### EXERCISE DIRECTIONS
Instruction for the entries that follow: retype exactly the lines from the line with "Khẩu trang y" to the line with "汤浅蓄电池NPL230-1212V230AH网络设备电源", both included, and omit all others.

### INFORMATION SUPPLIED
-*-*-

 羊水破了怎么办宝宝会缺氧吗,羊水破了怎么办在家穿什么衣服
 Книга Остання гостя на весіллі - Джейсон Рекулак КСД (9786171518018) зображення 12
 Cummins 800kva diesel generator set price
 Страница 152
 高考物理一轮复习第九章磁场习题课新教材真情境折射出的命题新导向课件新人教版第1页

-*-*-

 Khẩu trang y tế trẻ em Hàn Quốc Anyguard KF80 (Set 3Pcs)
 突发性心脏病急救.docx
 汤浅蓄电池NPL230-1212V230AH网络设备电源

-*-*-

### TASK RESPONSE
 Khẩu trang y tế trẻ em Hàn Quốc Anyguard KF80 (Set 3Pcs)
 突发性心脏病急救.docx
 汤浅蓄电池NPL230-1212V230AH网络设备电源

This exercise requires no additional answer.